Oh, you are a one eyed SOB aren't you ?
You remind me of many ppls in the 70's and 80's that would never buy a Jap car 'cause they're shit, right ?
I was one of them back then but later my eyes opened, maybe there is still hope for you.
My eyes are fine, but clearly you think that our analytical thinking skills are not. Rigol and Siglent can build decent scopes when they're manufacturing them for another manufacturer. Sadly they still have to realise that the market for engineering lab equipment tends to be aimed at engineers. So unlike consumer products, you're not going to sell them by lying out of your arse and hoping they only notice after purchase.
From an 'A' brand 50 MHz DSO @ 2x price of SDS1104X-E:
Bandwidth (–3 dB) 1, 2 .......................50-200 MHz models
Input sensitivity range 3 500 μV/div to 10 V/div
Maximum input voltage 150 Vrms, 200 Vpk
In small print:
1. Denotes warranted specifications........
2. For 1 mV/div to 10 V/div settings, bandwidth is 20 MHz at the 500 μV/div setting.
3. 500 μV/div is a magnification of 1 mV/div setting.
The 100-200 MHz X-E's offer the full BW @ 500uV/div and it's not a magnification of some lower sensitivity range hence it shows more noise and therefore allows the operator to make decisions on best how to reduce displayed noise, not some designer hidden automatic BW limit that thinks it knows better than the competent user.
Thank you for demonstrating my point for me, note the footnotes on the datasheet: Not only do they admit it's simply a multiplication of the 1 mV range, they also enable the bandwidth limiter. Because something magical happens when you calculate
sqrt(4 k T R dF), do you see that "dF" factor in there? Thermal noise is a function of bandwidth... And guess what, if you calculate the thermal noise it seems to magically coincide with the noise voltage you get on a scope input, I wonder why that is?
In other words, you'll find that the 500 µV/div mode on a keysight is slightly more useful than on the Siglent because they enable the bandwidth limiter for you, but you'll still need averaging or high-resolution mode to get anything useful out of it.
So basically what you call "hiding from the user" is what competent engineers will call "understanding the physical limitations of our universe".
Like farmers who know how to sift the wheat from the chaff, a good EE should know how to get the info they need from a dirty waveform.
Not an excuse for lying on datasheets.
And what's with the Yanks, only 200Vpk inputs.
Whereas X-E's in fact all Siglent DSO's are 400Vpk rated.
Right, Siglent have no idea what they're doing........Right ?

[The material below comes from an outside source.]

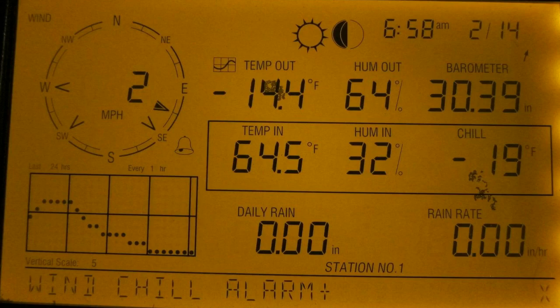Hey guys, how are you today? I just want to do a quick review on the Davis Instruments Vantage Pro 2 weather station. Now I should mention that while this is a fairly expensive unit, I did actually find a pretty good deal on it, and I'll put a link in the description below so you can check that deal out.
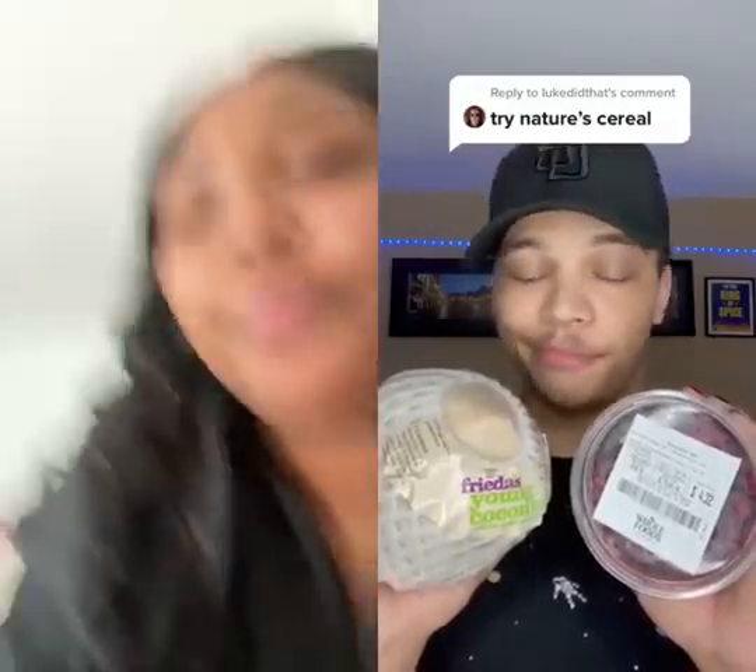I feel like y'all over-hyping this, but aye. Pomegranate peas, blackberries, blueberries, a few strawberries.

Aaaaand, again with the lies. Most modern scopes are built identically for all markets through the magic of switch mode power supplies. So in practice that means most are rated for at least 240V RMS on the input (339Vpk). And all the semi-recent HPAKs sitting on my desk do 300Vrms (425Vpk). So what were you saying?
All you're doing with this type of response is proving my initial point, just please be honest for once and actually say what the scopes can do instead of cherry picking results.